▼

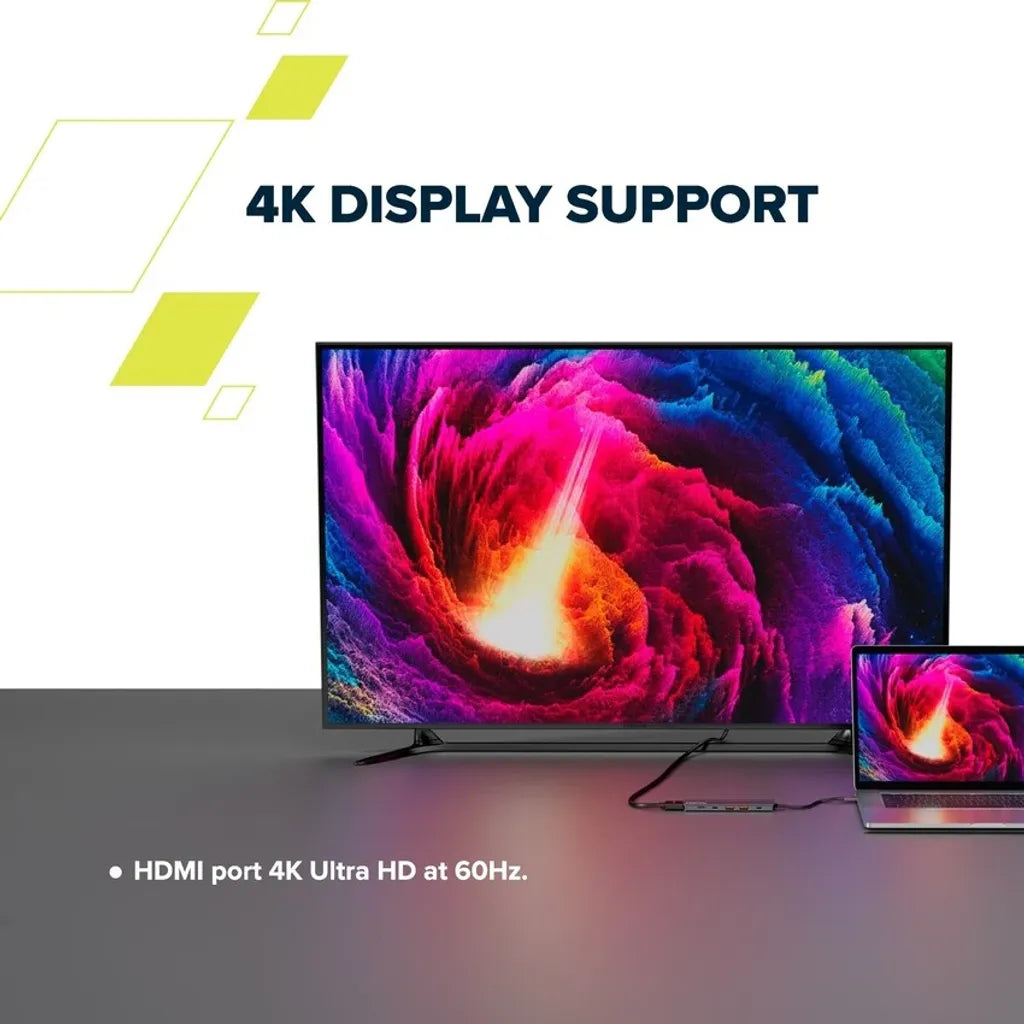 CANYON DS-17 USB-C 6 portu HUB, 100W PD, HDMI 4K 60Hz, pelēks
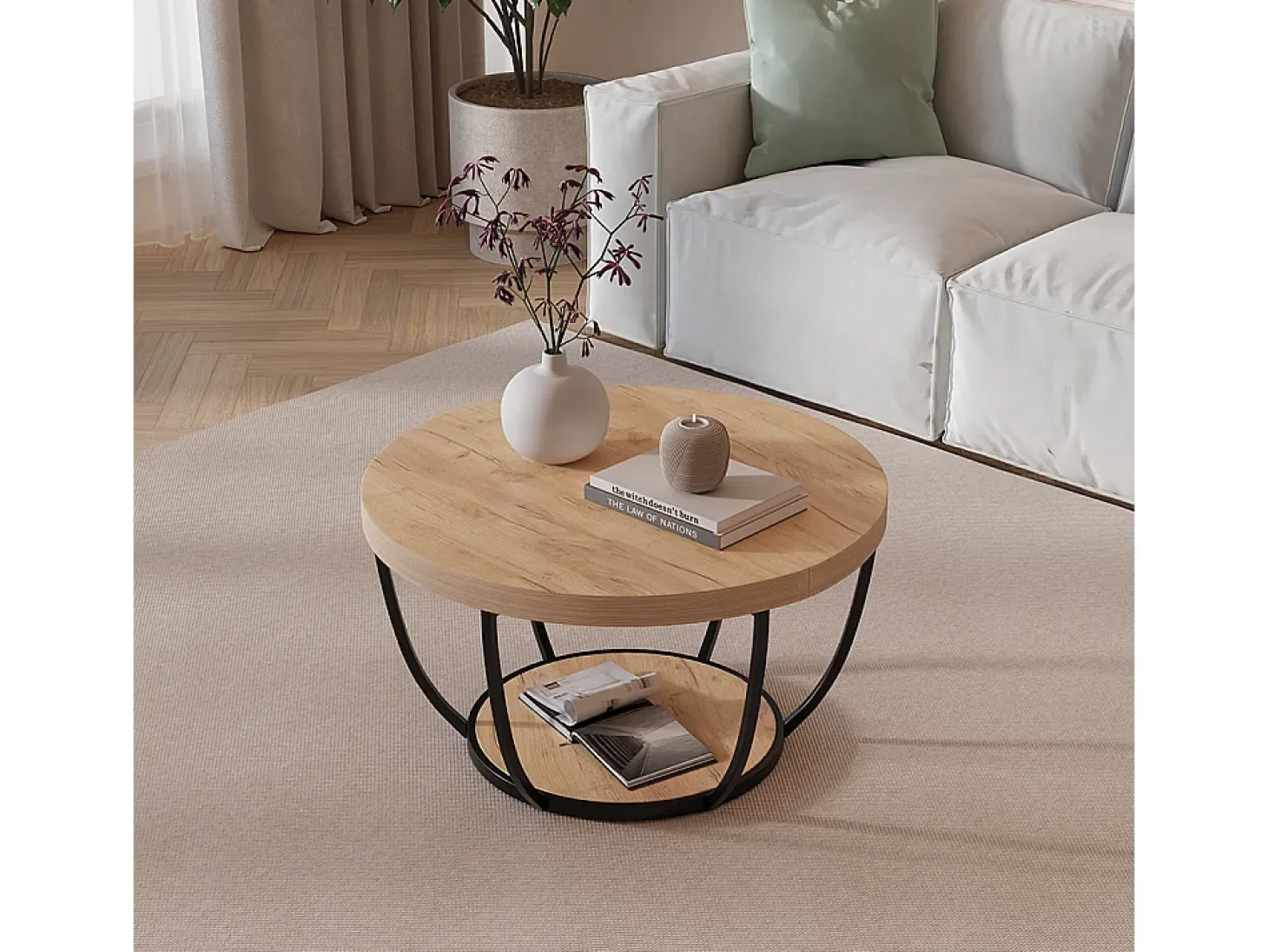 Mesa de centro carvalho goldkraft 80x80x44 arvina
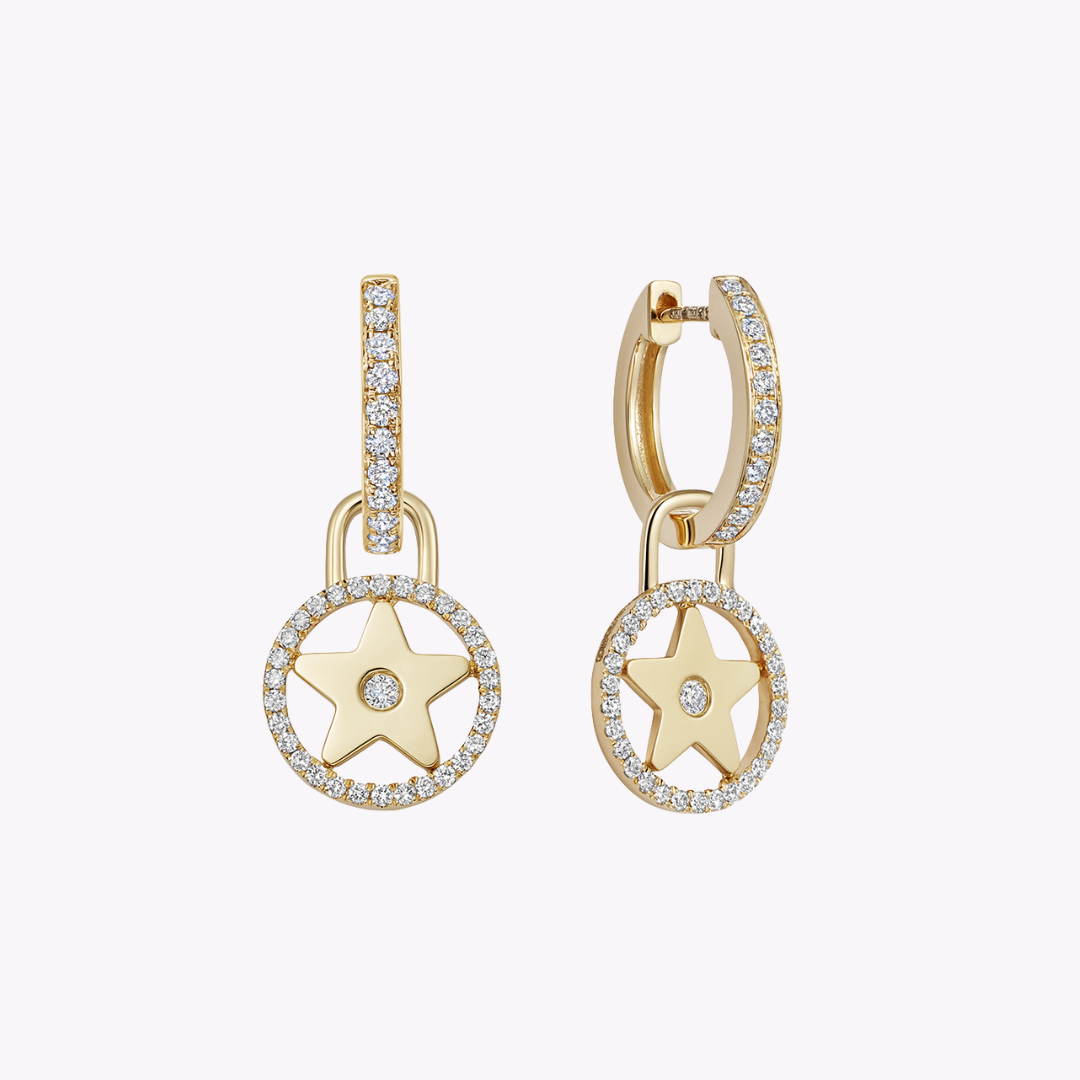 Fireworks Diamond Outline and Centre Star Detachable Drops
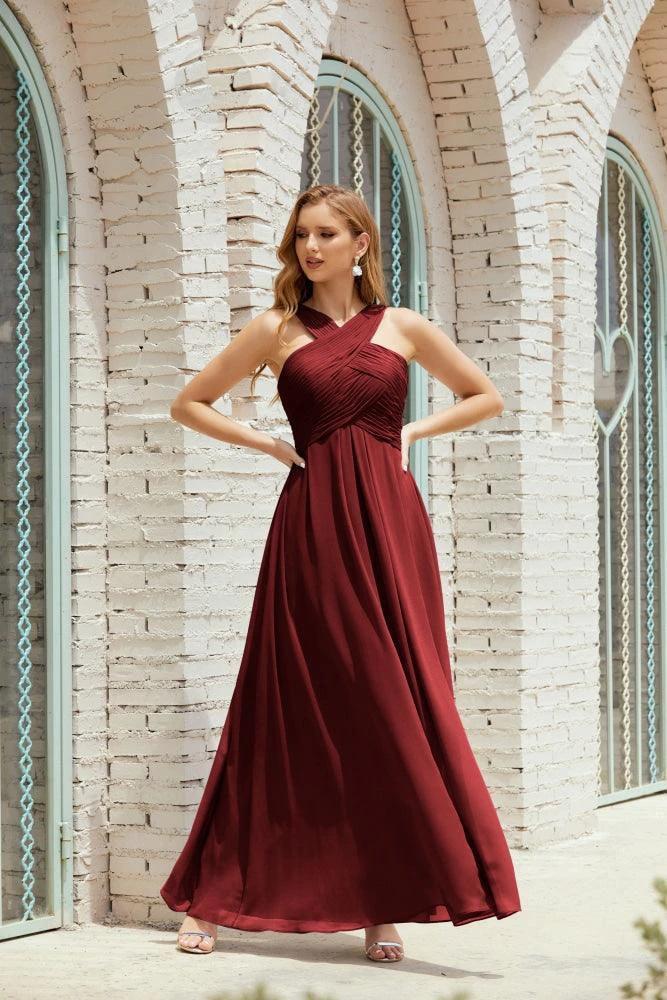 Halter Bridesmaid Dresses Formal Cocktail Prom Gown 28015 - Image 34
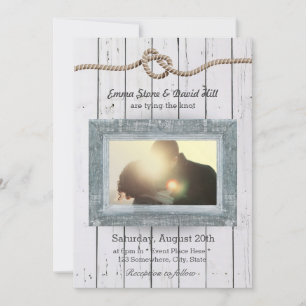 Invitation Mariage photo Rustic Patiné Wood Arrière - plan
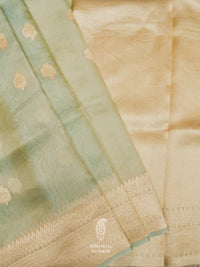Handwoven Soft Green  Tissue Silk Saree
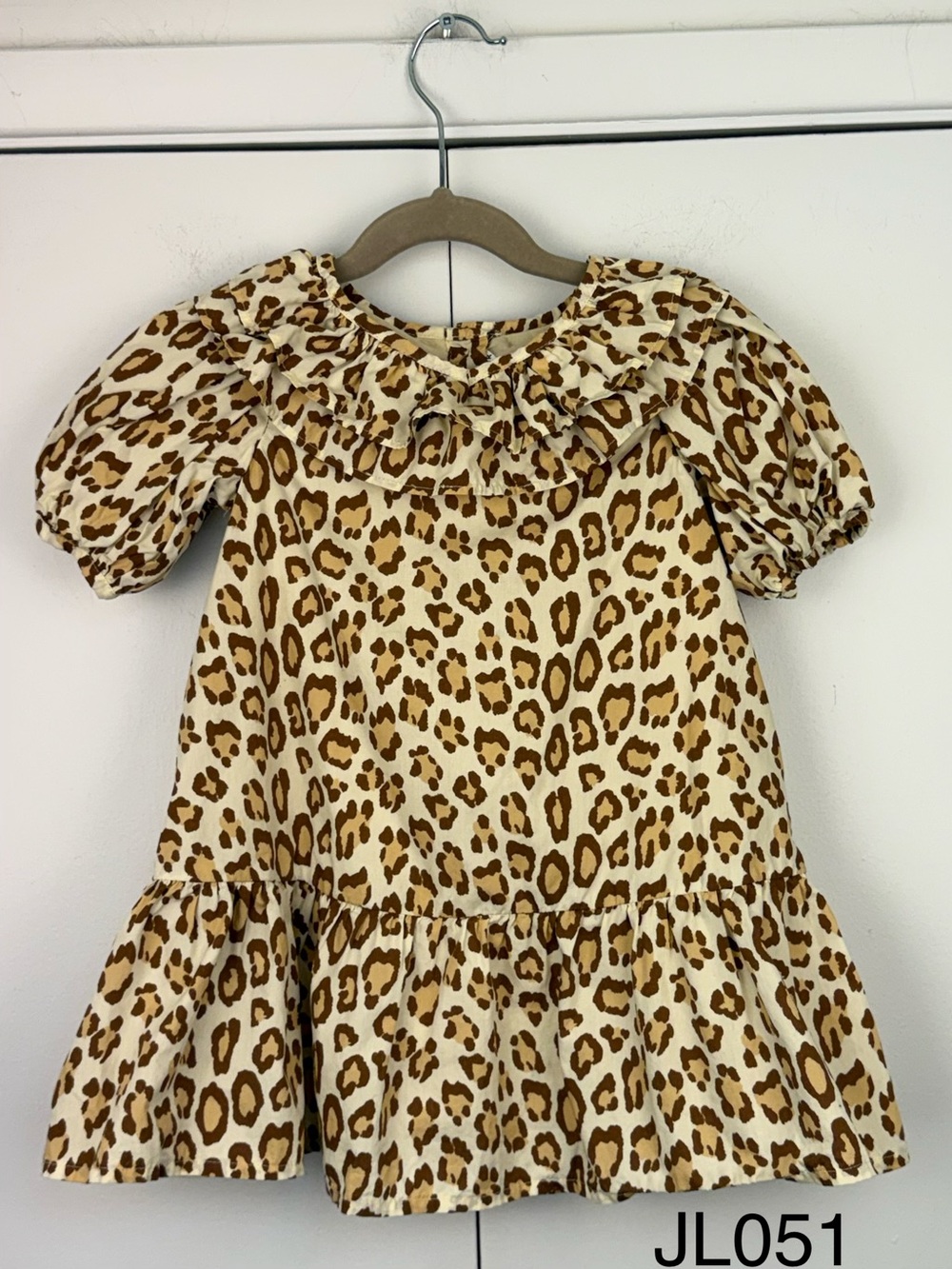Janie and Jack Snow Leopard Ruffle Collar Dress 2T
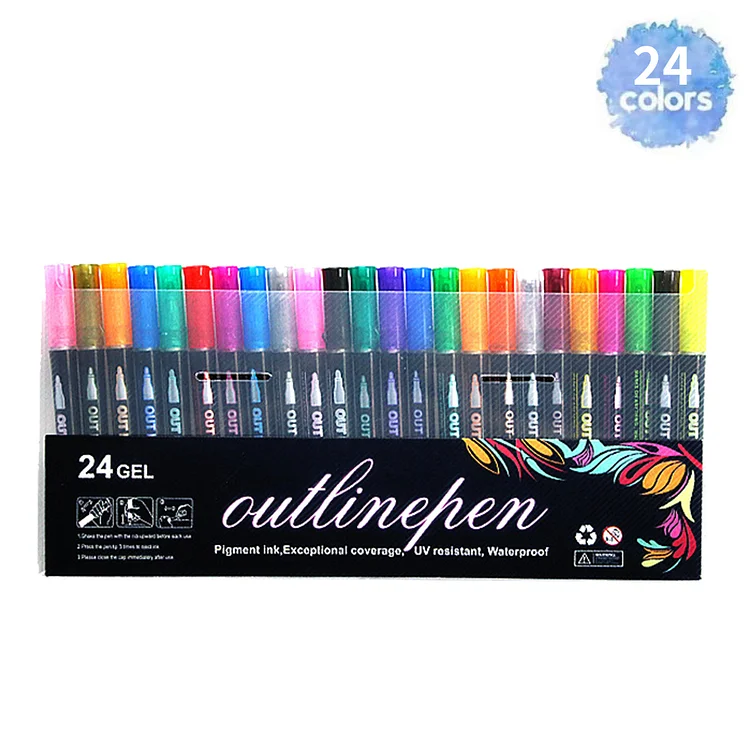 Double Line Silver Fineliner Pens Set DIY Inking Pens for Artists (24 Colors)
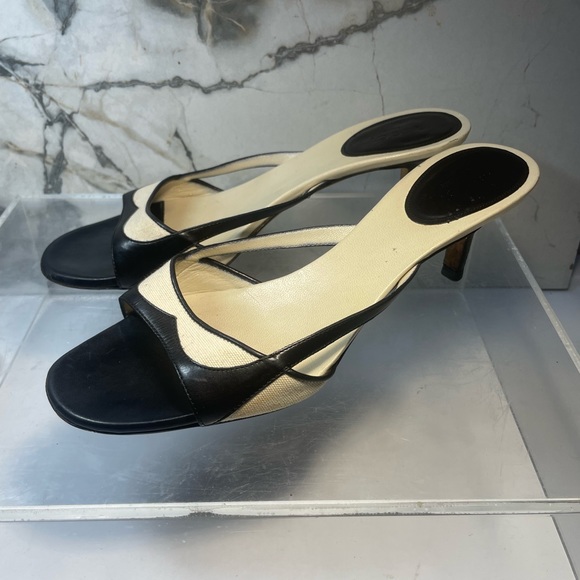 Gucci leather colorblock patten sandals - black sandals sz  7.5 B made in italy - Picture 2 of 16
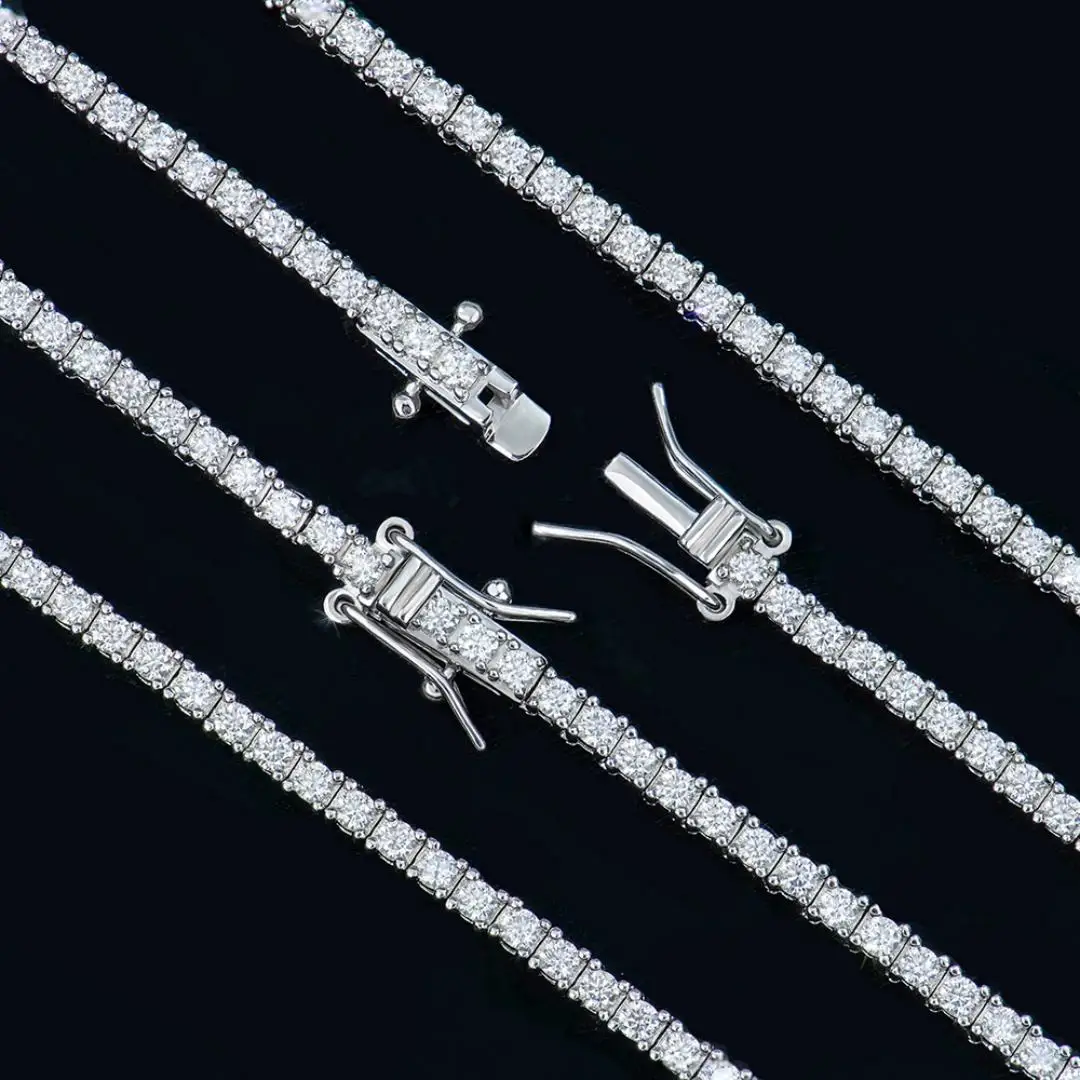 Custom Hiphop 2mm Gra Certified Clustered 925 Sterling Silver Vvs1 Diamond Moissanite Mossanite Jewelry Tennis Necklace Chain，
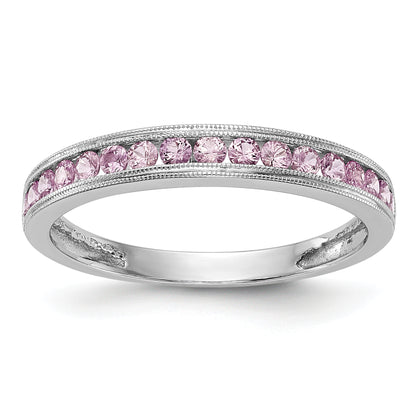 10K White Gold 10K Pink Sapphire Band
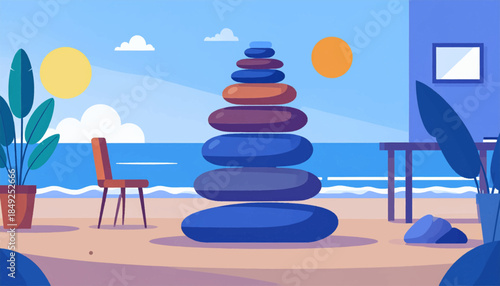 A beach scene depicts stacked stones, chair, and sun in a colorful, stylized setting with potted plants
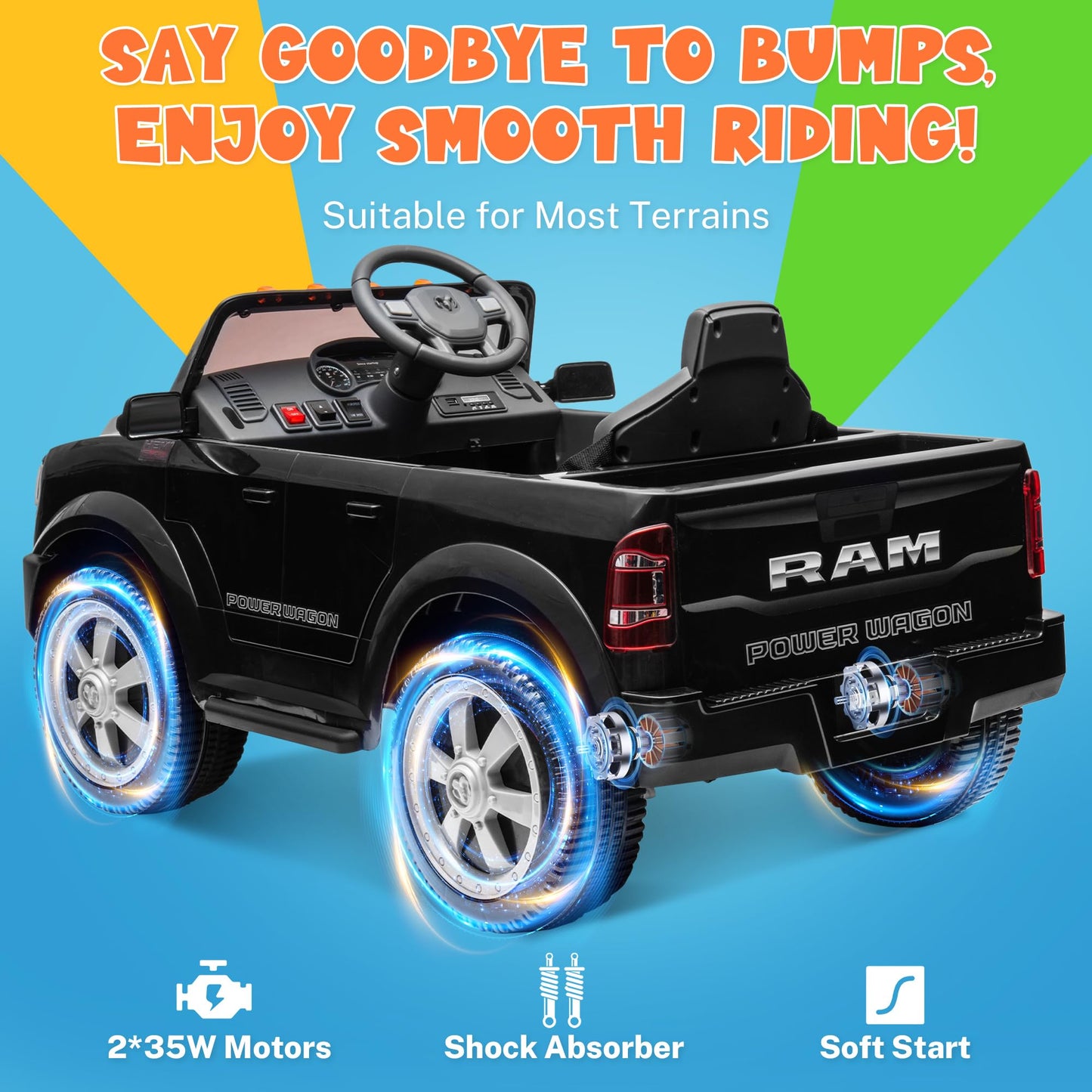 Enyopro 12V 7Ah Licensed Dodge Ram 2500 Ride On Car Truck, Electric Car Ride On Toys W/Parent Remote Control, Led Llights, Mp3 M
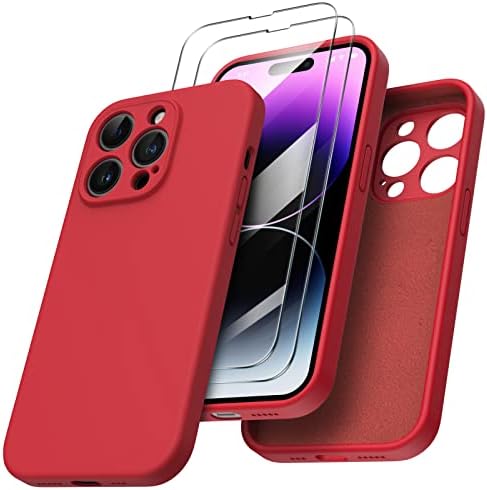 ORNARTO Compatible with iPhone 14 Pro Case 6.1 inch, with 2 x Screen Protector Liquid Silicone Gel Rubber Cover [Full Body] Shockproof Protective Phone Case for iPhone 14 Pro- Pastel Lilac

▲

## WORK INSTRUCTIONS
Your answer must reproduce exactly the lines from the line with "Gucci leather colorblock" through the end of the material, both ends included, with every picture dropped.

## RESPONSE TO THIS TASK
 Gucci leather colorblock patten sandals - black sandals sz  7.5 B made in italy - Picture 2 of 16
 Custom Hiphop 2mm Gra Certified Clustered 925 Sterling Silver Vvs1 Diamond Moissanite Mossanite Jewelry Tennis Necklace Chain，
 10K White Gold 10K Pink Sapphire Band
 A beach scene depicts stacked stones, chair, and sun in a colorful, stylized setting with potted plants
 Enyopro 12V 7Ah Licensed Dodge Ram 2500 Ride On Car Truck, Electric Car Ride On Toys W/Parent Remote Control, Led Llights, Mp3 M
 ORNARTO Compatible with iPhone 14 Pro Case 6.1 inch, with 2 x Screen Protector Liquid Silicone Gel Rubber Cover [Full Body] Shockproof Protective Phone Case for iPhone 14 Pro- Pastel Lilac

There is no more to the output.